Well for those of you following Warhammer Online and any small scrap of news you can get, today their first Warhammer Beta Update.  This is apparently the first in a series of weekly updates designed to keep the playerbase up to speed during the next couple of months.  From one of the community managers, James Nichols:   

Hello everyone,

With all the work we have been up to we wanted to share what we have been working on with you, below is the first update we have shared with the beta community. We think you’ll be excited as we are, enjoy!

Waaagh! and well met!

So this begins the first of our weekly updates to the WAR Beta community. This is where we keep all of you up to speed with the changes, enhancements, and additions to WAR during this downtime. Each week will have different information from the various teams. Some of the information we’ll be keeping fairly high level, at least initially, but we will work on giving you insights into what to expect when we re-open in December.
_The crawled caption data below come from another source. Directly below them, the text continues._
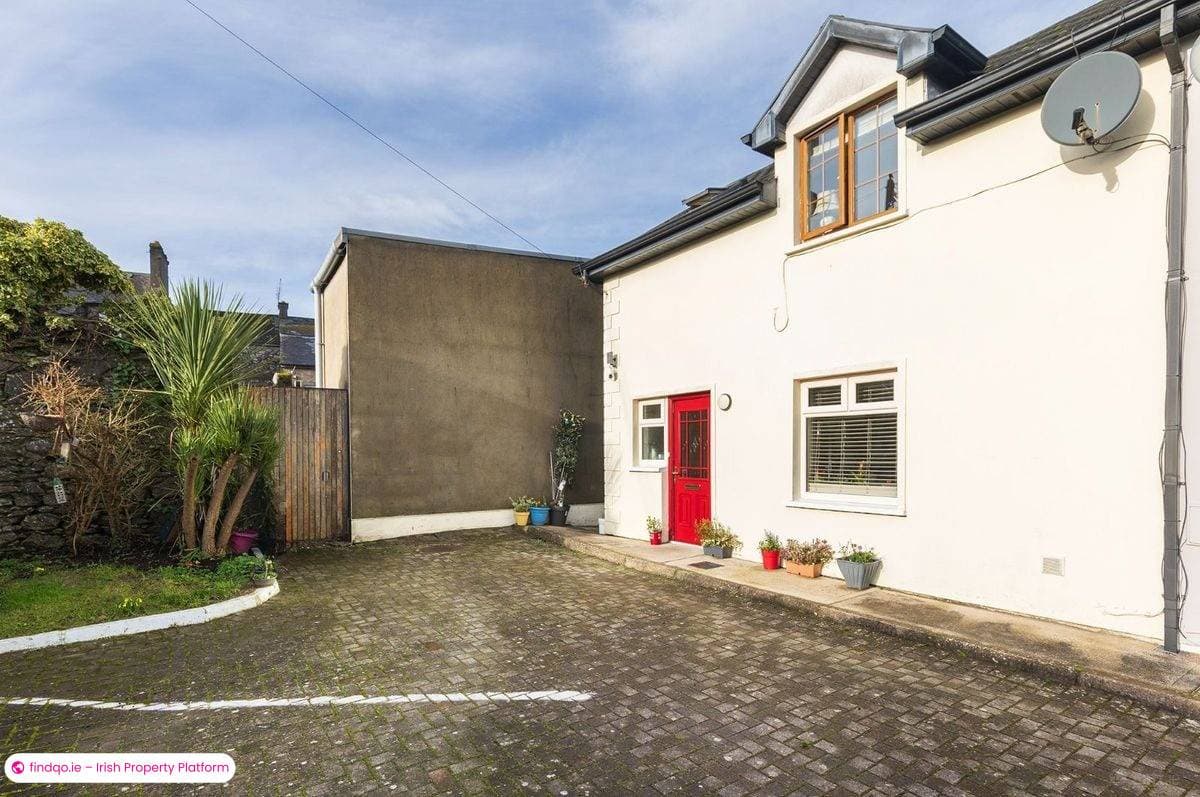 End of terrace house for Sale in Midleton, Cork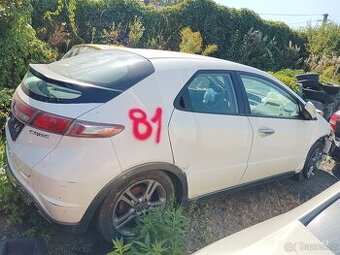 ND - Honda Civic 8g - 1
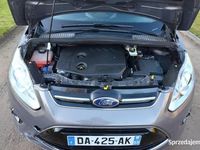 używany Ford C-MAX 
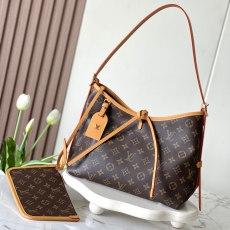 Louis Vuitton Shopping Bags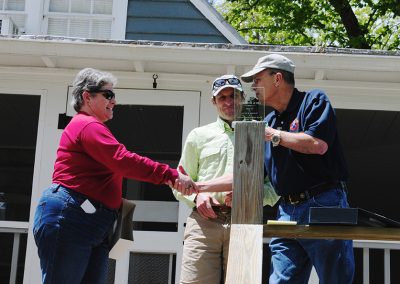 2015 – Spring Picnic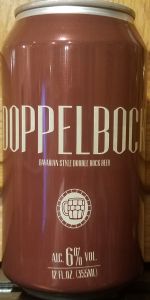 Doppelbock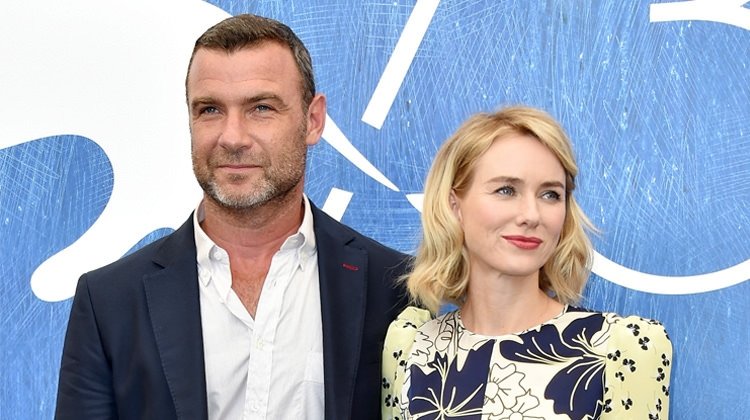 Naomi Watts ile Lliev Schreiber boşanıyor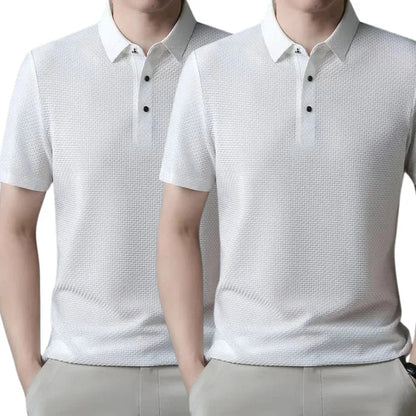 [COMPRA 1 Y LLEVA 2] Polo Ultra Fresh - Domani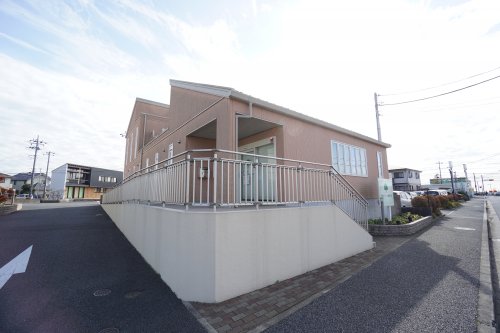 病院　ちばグリーン整形外科（病院）まで436m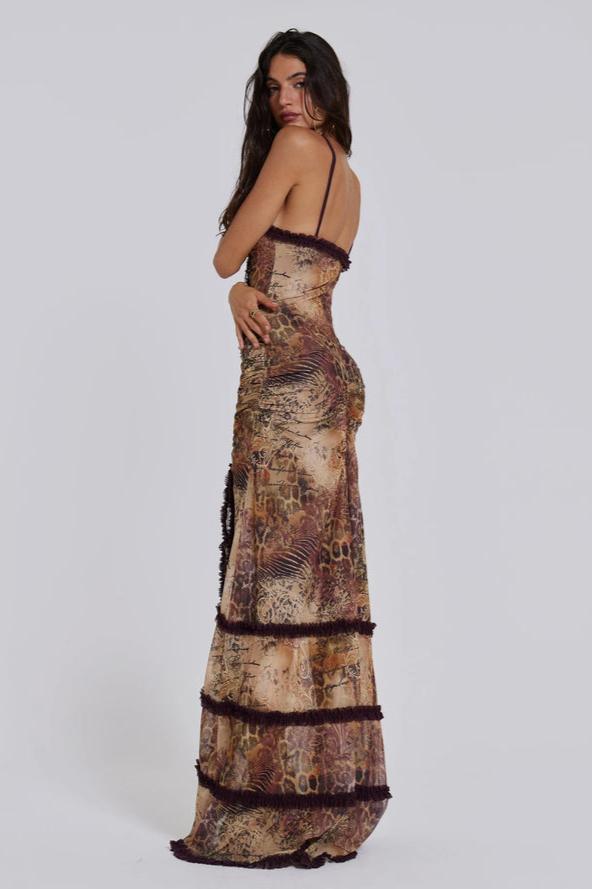 Alondra Dress by SIENA - image 4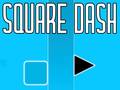 Oyun Square Dash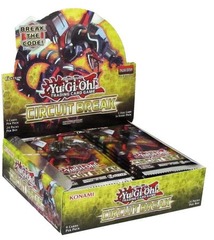 Circuit Break Booster Box (1st Edition)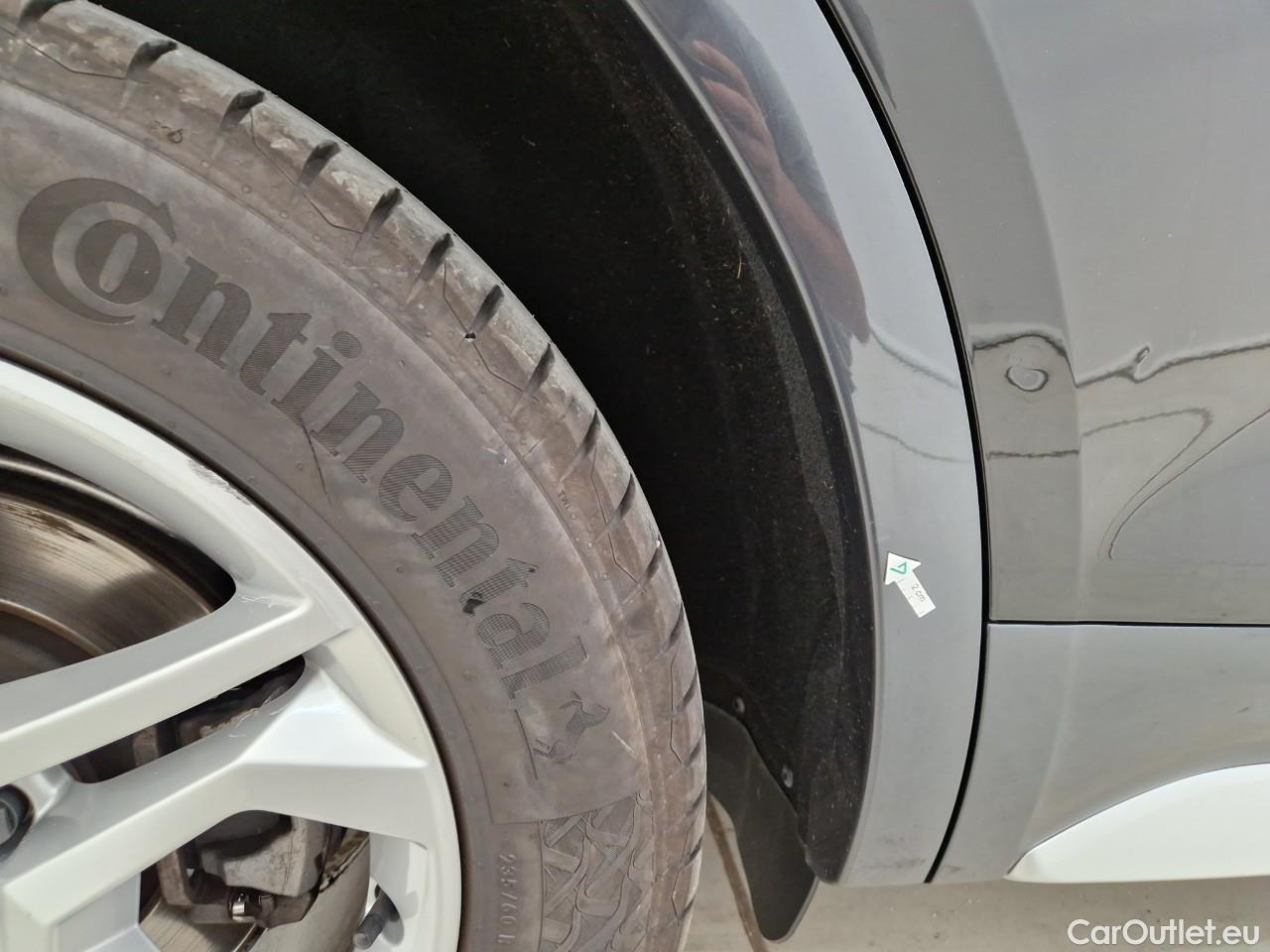  Audi  Q5 Advanced 40 TDI quattro W3 #20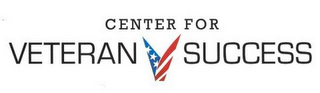 CENTER FOR VETERAN V SUCCESS logo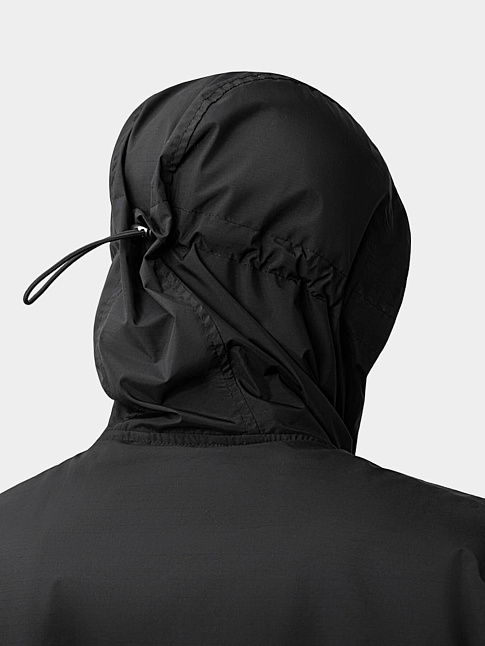 Куртка LOVE EMBRACE (размер L, цвет Черный)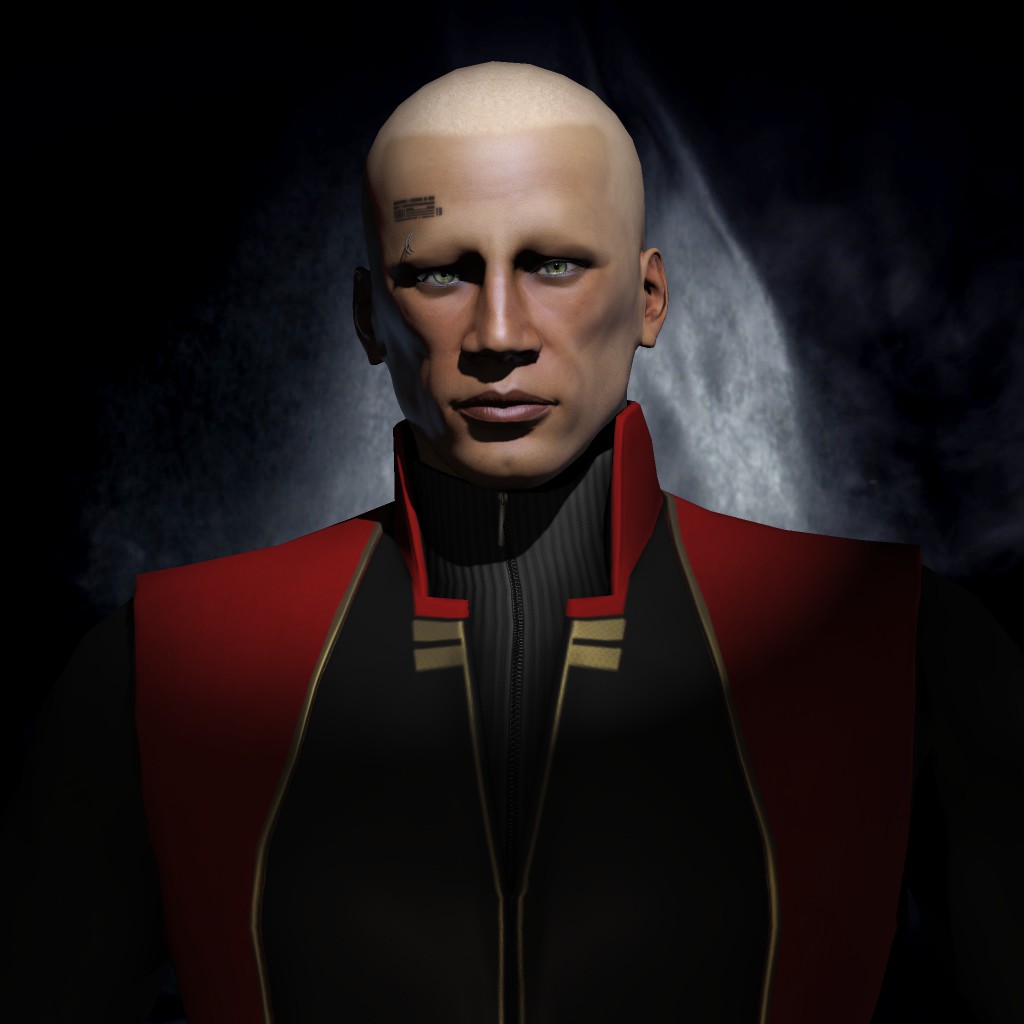 Lord Supreme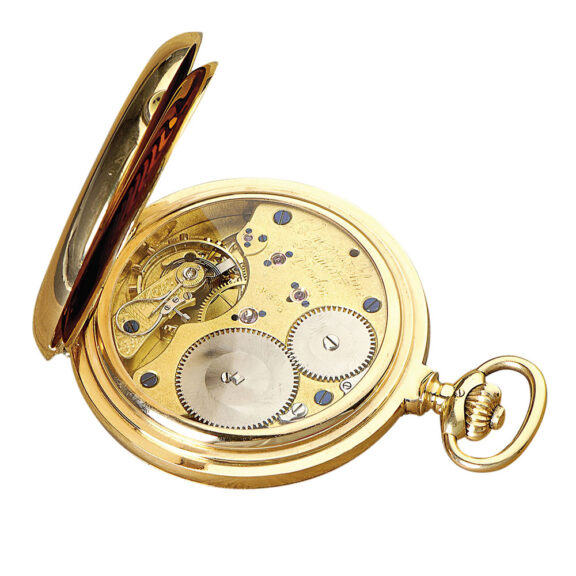 Heavy German 18 carat rose gold quality 1A chronometer Circa 1938 Heavy German 18 carat rose gold quality 1A chronometer Circa 1938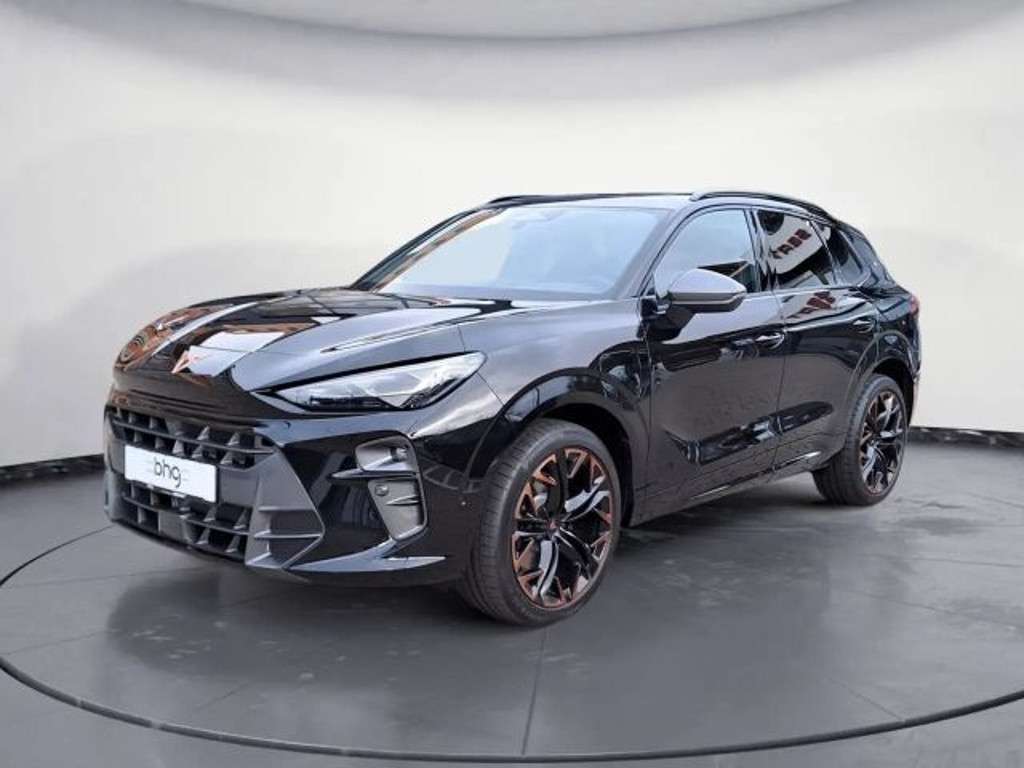 Cupra Terramar 2025 Hybride Benzine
The update has a small snippet of news from several of the different teams, including RvR, Public Quests, Items, Cities, and Combat & Careers.  The one piece that has generated the most buzz, questions, concerns, and panic in some cases is the piece from the RvR team of “pvp flagging”.  This was first brought to my attention by Keen with two different posts on the subject which are great.

I’ve read through the threads on this today at Warhammer Alliance and Only-War.net.   Many different views, perspectives and questions have been tossed out there.  After wading through it all, I think I’ve got things straight but I’m still waiting for further “official” clarification from James, Josh or someone else at Mythic.  Since it’s late, I thought I’d re-post a couple of forums posts from these threads which seem to sum things up nicely in a way that I understood.  First a post by Garthilk, Site Manager for Warhammer Alliance:

PvP Flagging in PvE Areas

The basic premise is that you have a flag while you are in a PvE zone. If you turn on the flag, you can PvP other people who have also turned on their PvP flag. You can turn your flag off and after a period of time, relatively short, you can go back to PvE mode. Basically what flagging does, is expand the areas where players can PvP. The downside is that players who already decided they don’t want to PvP, and are thus in PvE zones, are now faced with PvP folks who want to PvP.

Under the current system, PvE folks wanting to contribute to PvP can goto a battleground and choose to engage. They are never forced, or in any way directly pressured to make a decision about whether they’re going to PvP or not. With flagging, now the pressure is on PvE players to, or not to turn on their flag while in PvE areas.

Is the PvP enabled low level guy stealing your mobs just a lure? Are people hiding in the mobs hoping you target a PvP enabled guy, to trick you into turning yours on and attacking him? Are neutral healers just bumping up their morale on NPC creatures, just so they can turn on their PvP flag and spam their super morale abilities?

Now on the other hand. I firmly believe that PvP fans deserve their own server where folks can PvP whenever they want. A place where any Dwarf can attack any Orc at any time, anywhere. Note I’m not talking about inter-realm fighting. I’m talking about a server where any racial enemy you have, you can fight at any time.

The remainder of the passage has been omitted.